Sizing Heat Exchangers for Slurry Service

Practical engineering considerations for preliminary heat exchanger sizing in slurry and solids-bearing liquid services — covering velocity, fouling, plugging, erosion boundaries, and why vendor experience matters.

TypeEngineering guide — concept explainer

Definition

Sizing heat exchangers for slurry service means estimating the heat transfer area needed when one or both fluids carry suspended solids. The fundamental equation is still A = Q / (U × ΔTₘ), but the inputs — especially U-value, fouling allowance, and velocity constraints — are harder to pin down than in clean-fluid service. Solids concentration, particle size distribution, settling behaviour, and abrasiveness all influence exchanger selection, geometry, and the confidence you can place in preliminary estimates.

Why it matters

Slurry services are among the most challenging applications in heat exchanger sizing. Solids can foul, erode, plug, or settle inside the exchanger, and the combination of these effects often rules out exchanger types or geometries that would work for clean fluids. Getting the preliminary sizing wrong — either too small or with the wrong exchanger type — leads to expensive redesign, premature failure, or chronic maintenance problems. A structured preliminary estimate helps identify which exchanger types are feasible, what area range to expect, and what questions to take to the vendor or specialist.

Formula

Heat transfer area
A = Q / (U × F × ΔTₘ)
Heat duty (sensible, single phase)
Q = ṁ × Cp × ΔT
Fouled U-value
1/U_dirty = 1/U_clean + Rd_hot + Rd_cold

Units involved

  • A — heat transfer area in m² or ft²
  • Q — heat duty in kW, W, or BTU/h
  • U — overall heat transfer coefficient in W/(m²·K) or BTU/(h·ft²·°F)
  • ΔTₘ — log mean temperature difference in K, °C, or °F
  • F — LMTD correction factor (dimensionless)
  • Rd — fouling resistance in m²·K/W or h·ft²·°F/BTU
  • ṁ — mass flow rate in kg/s, kg/h, or lb/h
  • Cp — specific heat capacity in J/(kg·K) or BTU/(lb·°F)

Worked example

Preliminary sizing for cooling a mineral slurry (15% solids by mass) from 75 °C to 50 °C using cooling water entering at 25 °C and leaving at 40 °C. Slurry flow rate is 30 kg/s. Assume slurry Cp ≈ 3.4 kJ/(kg·K), a preliminary U-value of 350 W/(m²·K) (conservative for slurry-on-tube-side in a shell-and-tube exchanger), and total fouling resistance of 0.0006 m²·K/W. Apply 20% design margin for slurry uncertainty.

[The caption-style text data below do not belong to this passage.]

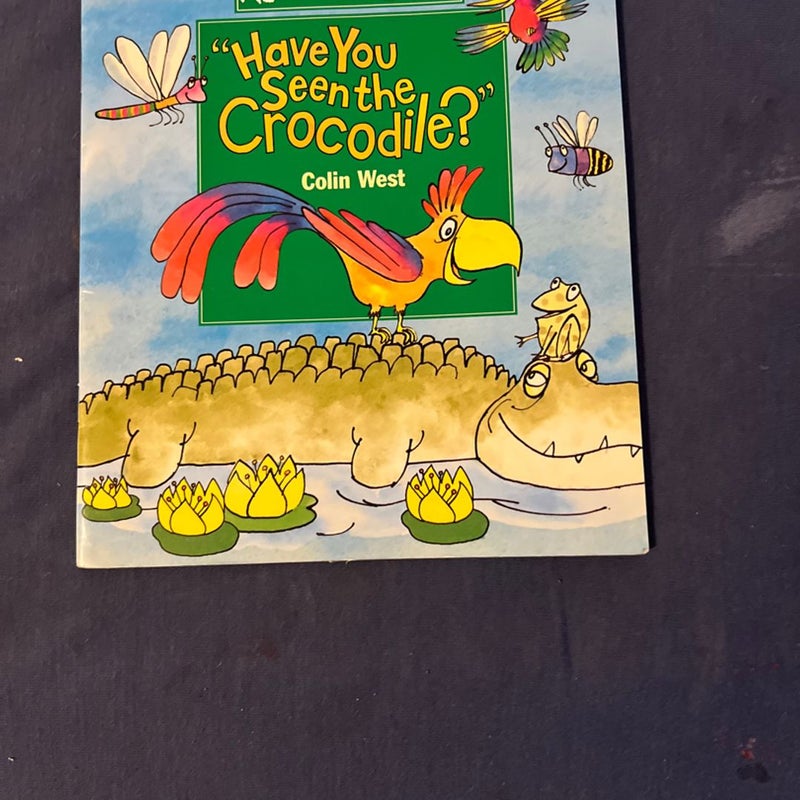 Have You Seen the Crocodile?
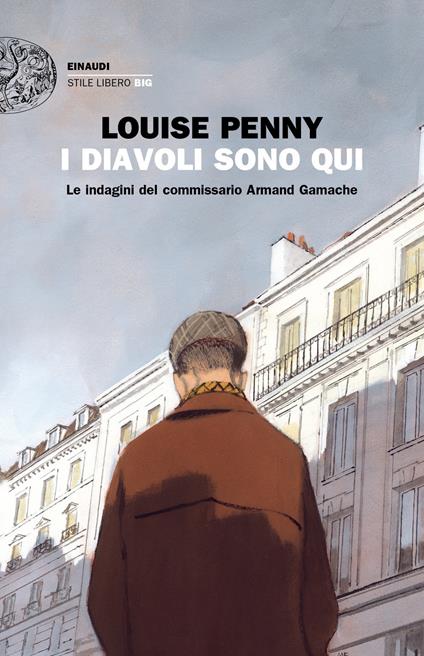 I diavoli sono qui. Le indagini del commissario Armand Gamache - Louise Penny - copertina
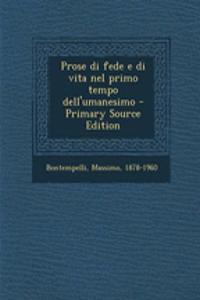 Prose Di Fede E Di Vita Nel Primo Tempo Dell'umanesimo - Primary Source Edition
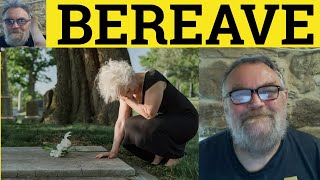 🔵 Bereave Meaning - Bereaved Examples - Bereavement Defined Semi-Formal Vocabulary Bereave Bereaved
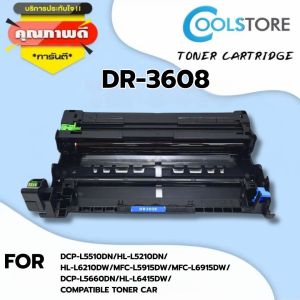 ดรัมเทียบเท่า DR3608/DR-3608 For Brother HL- L5210DW/L5210DW/L6210DW/L6415DW/DCP-L5510DN/L5510DW/-L5660DN/MFC-L5915DW/L6915DW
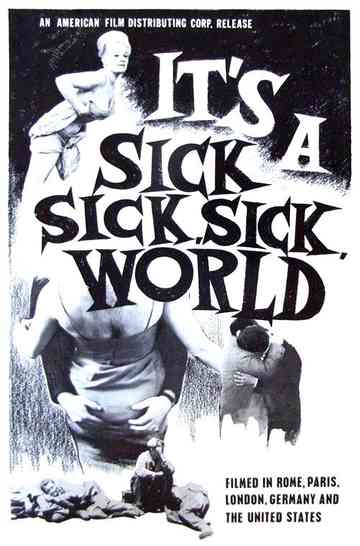 It's a Sick, Sick, Sick World Poster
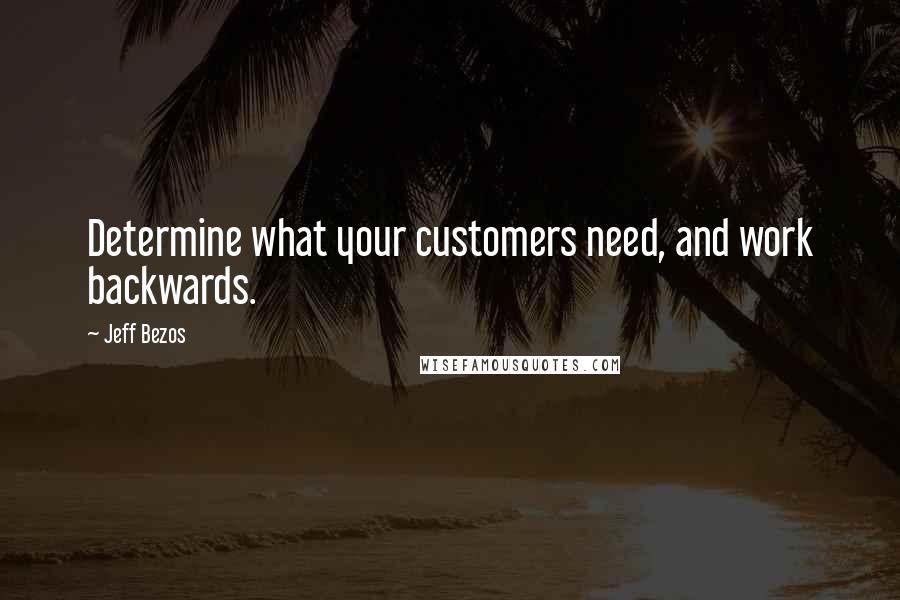 Jeff Bezos Quotes: Determine what your customers need, and work backwards.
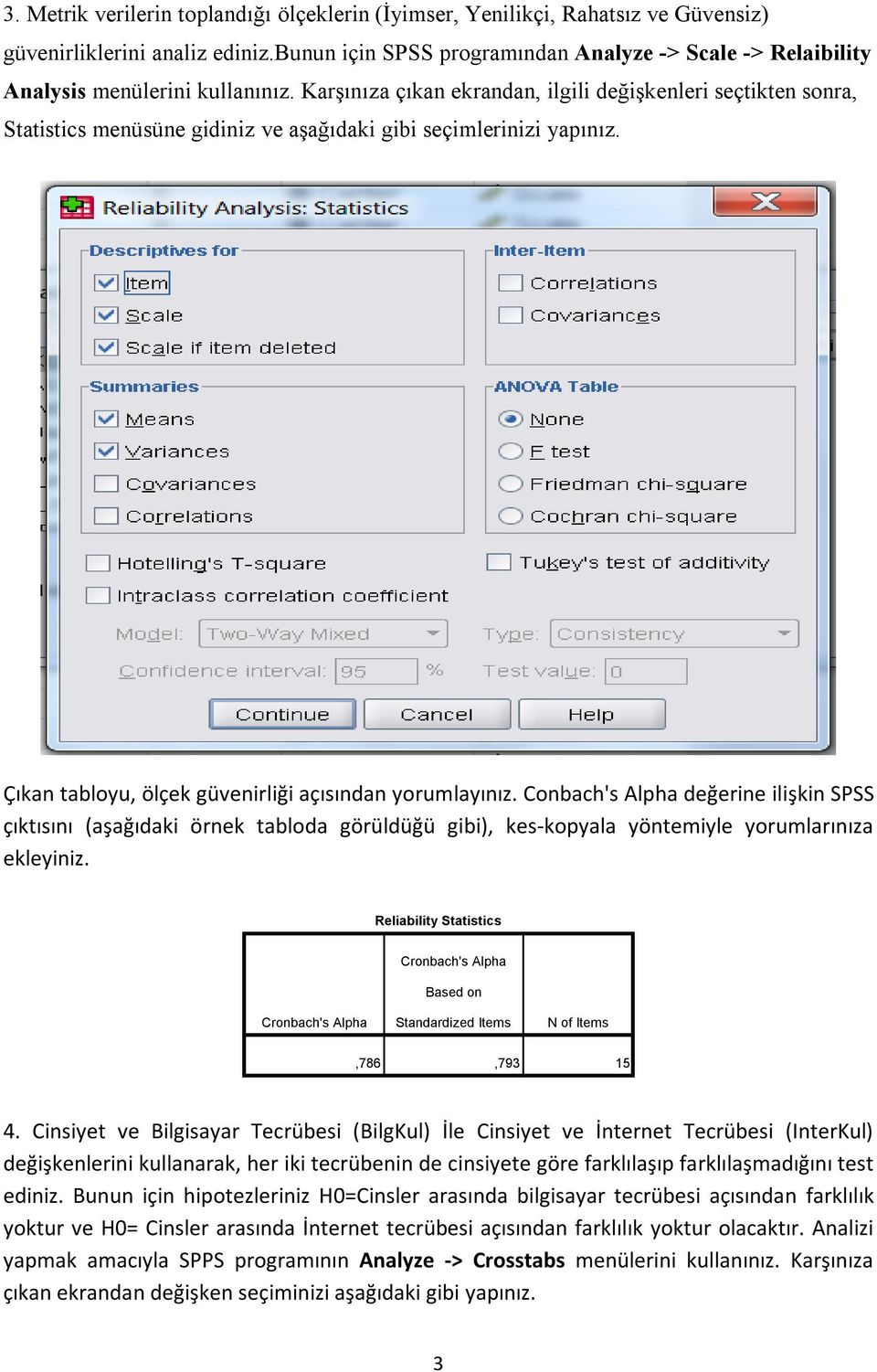 Karşınıza çıkan ekrandan, ilgili değişkenleri seçtikten sonra, Statistics menüsüne gidiniz ve aşağıdaki gibi seçimlerinizi yapınız. Çıkan tabloyu, ölçek güvenirliği açısından yorumlayınız.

  1. 01Q = 30 × 3400 × (75 − 50) = 2,550,000 W = 2550 kW
  2. 02ΔT₁ = 75 − 40 = 35 °C (counter-current)
  3. 03ΔT₂ = 50 − 25 = 25 °C
  4. 04LMTD = (35 − 25) / ln(35/25) = 10 / 0.3365 = 29.7 °C
  5. 05U_dirty = 1 / (1/350 + 0.0006) = 1 / (0.002857 + 0.0006) = 1 / 0.003457 = 289 W/(m²·K)
  6. 06A = 2,550,000 / (289 × 29.7) = 297 m²
  7. 07A_design = 297 × 1.20 = 356 m²
Result

Required area ≈ 356 m² (with 20% design margin). This is a preliminary estimate — vendor rating is essential for slurry service.

Common mistakes

  • Using clean-fluid U-values without reducing for slurry fouling and lower film coefficients — slurry U-values are typically 30–60% lower than equivalent clean-fluid values.
  • Ignoring minimum velocity requirements — solids can settle in horizontal tubes or low-velocity shell passes, causing plugging and hot spots.
  • Specifying tube-side flow without checking that tube diameter and velocity are compatible with the particle size — large particles or fibrous solids may require larger tubes or open-channel designs.
  • Applying standard fouling factors from TEMA tables for slurry service — slurry fouling is highly application-specific and often much higher than generic values.
  • Neglecting cleanability in the exchanger selection — some slurry services require exchangers that can be mechanically cleaned or chemically flushed.
  • Ignoring erosion at high velocities — there is a velocity window between settling (too low) and erosion (too high) that depends on solids hardness and concentration.

When to use the calculator

Use the Heat Duty Calculator for Q, the LMTD Calculator for ΔTₘ, and the Heat Exchanger Area Calculator to estimate A with design margin. Start with a conservative U-value (below clean-fluid ranges) and use the Fouling Factor Selector as a starting point — but note that slurry fouling is often higher than TEMA generic values. The Typical U-Values Reference and the Design Margin Reference provide additional context.

FAQ

What U-value range is typical for slurry heat exchangers?
It depends heavily on solids concentration, particle size, and the clean-side fluid. As a rough guide for shell-and-tube with slurry on the tube side: 150–500 W/(m²·K) for mineral slurries with water on the shell side, and lower for high-solids or viscous slurries. These ranges are much less reliable than clean-fluid estimates — vendor rating is essential.
Should the slurry go on the tube side or shell side?
Tube side is the default for slurry service in shell-and-tube exchangers: flow is more predictable, velocities are easier to control, and tubes are easier to clean mechanically. Shell-side slurry is avoided in conventional baffled designs because of settling in low-velocity zones. Spiral heat exchangers are an alternative where shell-side fouling is problematic.
What design margin should I use for slurry service?
Typically 15–30%, higher than the 10–20% used for clean-fluid services. The additional margin accounts for uncertainty in slurry fouling rates, U-value prediction, and the possibility of operating at higher solids concentrations than design. Refer to the Design Margin Reference for more context.
When should I consider a spiral heat exchanger instead?
Spiral exchangers are often preferred for slurry, viscous, or fouling services because the single-channel design maintains velocity and self-cleaning action. Consider a spiral when tube plugging is a concern, when the slurry has fibrous or large particles, or when frequent mechanical cleaning is impractical. See the Spiral Heat Exchanger Sizing guide.
Can I use standard TEMA fouling factors for slurry?
No. TEMA fouling factors are for clean or mildly fouling services. Slurry fouling depends on solids type, concentration, velocity, temperature, and maintenance practices. Use project-specific data, vendor recommendations, or operational experience from similar plants. The Fouling Factors Reference provides clean-fluid values as a baseline only.